◆ Activity:
Please restate each line of the material word for word and omit any pictures.

◆ Supplied data:
━━━━━━━━━━

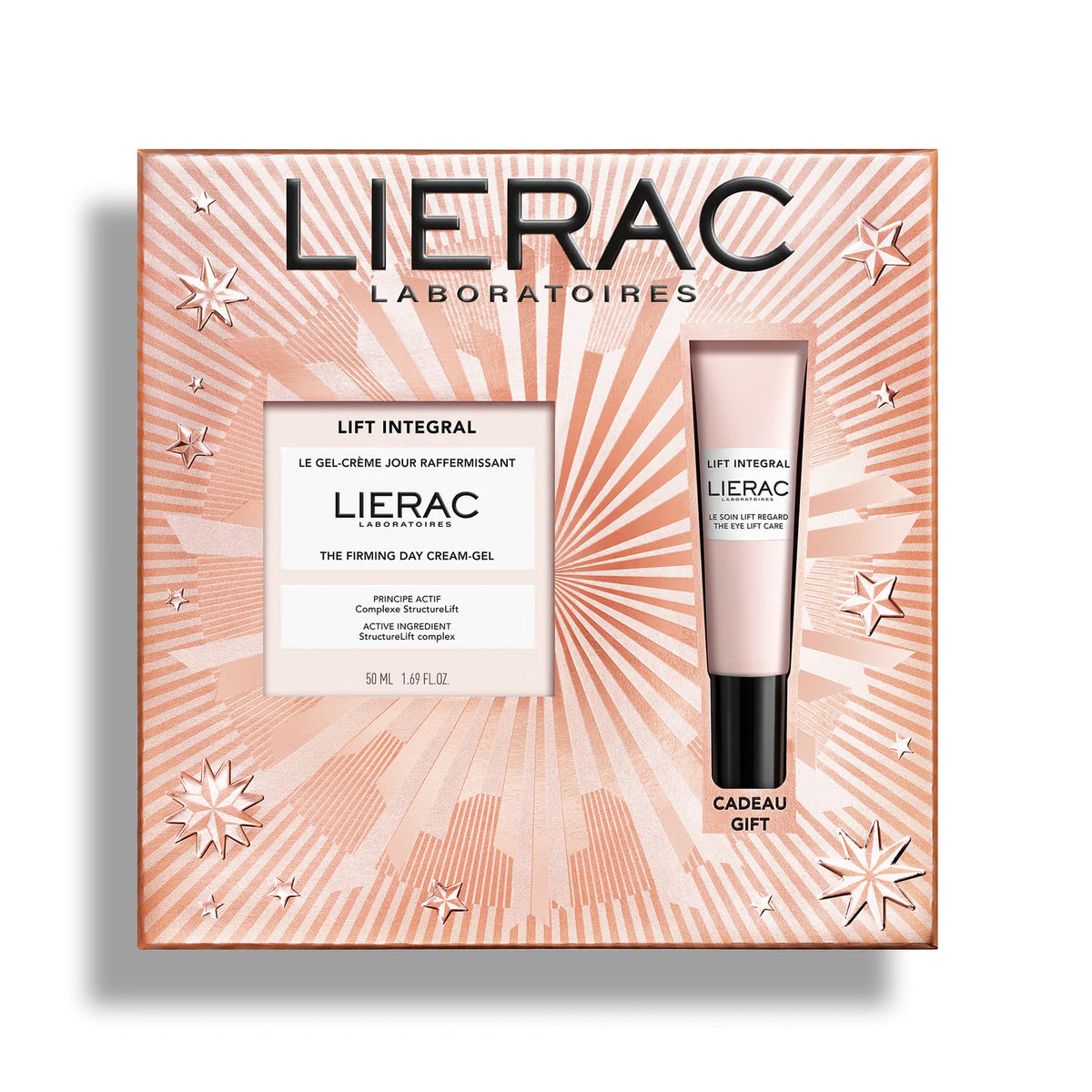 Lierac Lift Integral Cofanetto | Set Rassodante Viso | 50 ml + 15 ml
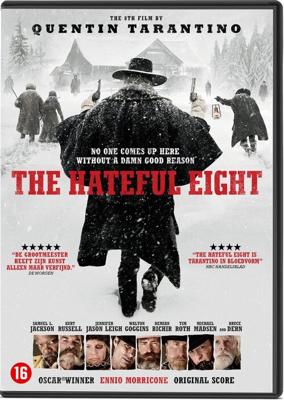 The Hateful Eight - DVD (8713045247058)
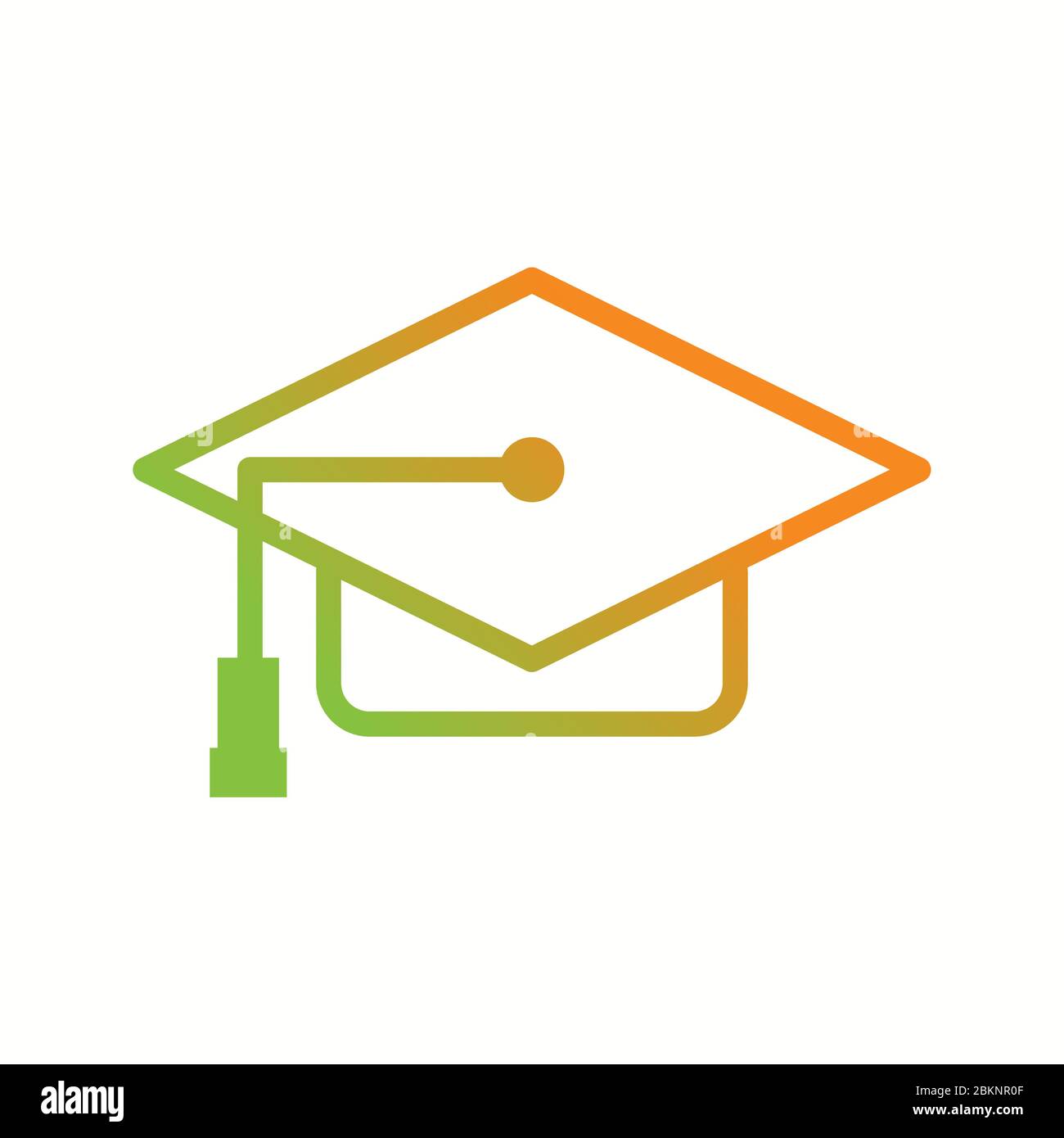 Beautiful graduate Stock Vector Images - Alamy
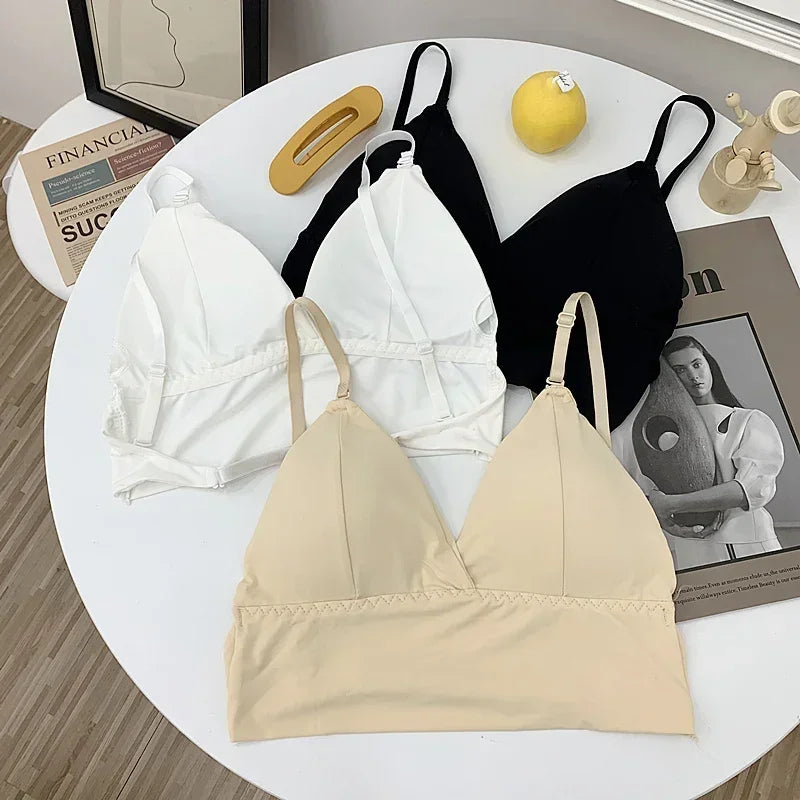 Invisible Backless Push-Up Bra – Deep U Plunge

━━━━━━━━━━

◆ Answer for the task:
 Lierac Lift Integral Cofanetto | Set Rassodante Viso | 50 ml + 15 ml
 The Hateful Eight - DVD (8713045247058)
 Beautiful graduate Stock Vector Images - Alamy
 Invisible Backless Push-Up Bra – Deep U Plunge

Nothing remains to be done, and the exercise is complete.